Where do the step function integral boundaries come from?

Question

EDIT: I have a confusion about Heavyside step function. Suppose I have integral like $$ \int_{0}^{\infty}dE_1\int_{0}^{\infty}dE_2\int_{0}^{\infty}dE_3 \delta(2- \gamma-E_1-E_2-E_3) $$ my first attempt, to solve this integral, would be $$ \int_{0}^{\infty}dE_1\int_{0}^{\infty}dE_2\theta(2-\gamma-E_1-E_2) $$ but I also should change the boundaries and here what I get confused.
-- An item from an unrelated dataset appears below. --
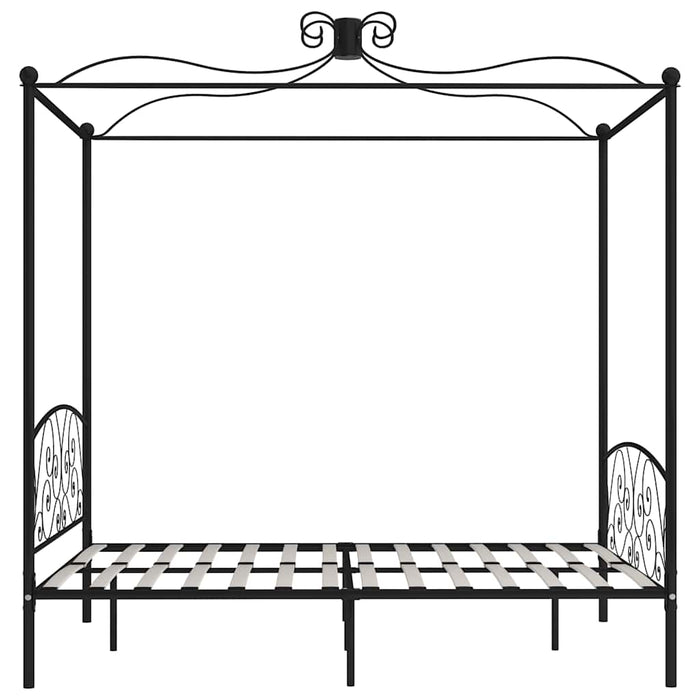 Letto a Baldacchino Nero in Metallo 180x200 cm
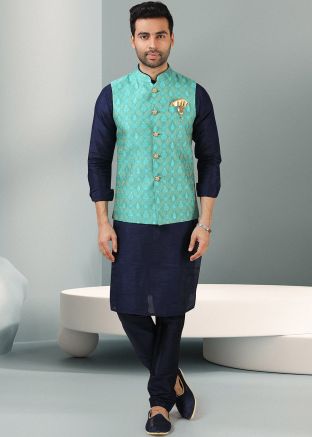 Blue Readymade Kurta Pyjama And Jacket Set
There are some constraints on the variables: $$ 0 \le E_1 \le 1- \gamma $$ $$ 0 \le E_2 \le 1-\gamma $$ $$ 0\le E_3 \le 1 $$ and the interval should be such like below $$ \int_{0}^{1-\gamma}dE_1\int_{1-E_1-\gamma}^{1-\frac{\gamma}{1-E_1}}dE_2 $$ This is not what I expect actually. Can anyone explain the last integral boundaries?

Answer 1

Note that the constant $a:=1-\gamma\geq 0$ is assumed to be non-negative. OP's integral then becomes

$$I~:=~\iiint_{[0,a]\times[0,a]\times[0,1]}\!\! dx~dy~dz ~\delta(1+a-x-y-z)$$ $$~=~\int_0^a\!dx\int_0^a\!dy\int_0^1\!dz ~\delta(1+a-x-y-z)$$ $$~\stackrel{\begin{matrix}x^{\prime}=a-x\\z^{\prime}=1-z\end{matrix}}{=}~ \int_0^a\!dx^{\prime} \int_0^1\!dz^{\prime} \int_0^a\!dy~\delta(x^{\prime}+z^{\prime}-y)$$ $$~=~\int_0^a\!dx^{\prime} \int_0^1\!dz^{\prime} \int_0^{\infty}\!dy~\theta(a-y)~\delta(x^{\prime}+z^{\prime}-y)$$ $$~=~\int_0^a\!dx^{\prime} \int_0^1\!dz^{\prime} ~\theta(a-x^{\prime}-z^{\prime})$$ $$ ~=~\frac{a^2}{2}-\frac{(a-1)^2}{2}\theta(a-1) .$$ In the last equality we used the interpretation of the double integral as an area of a polygon in the $(x^{\prime},z^{\prime})$ plane.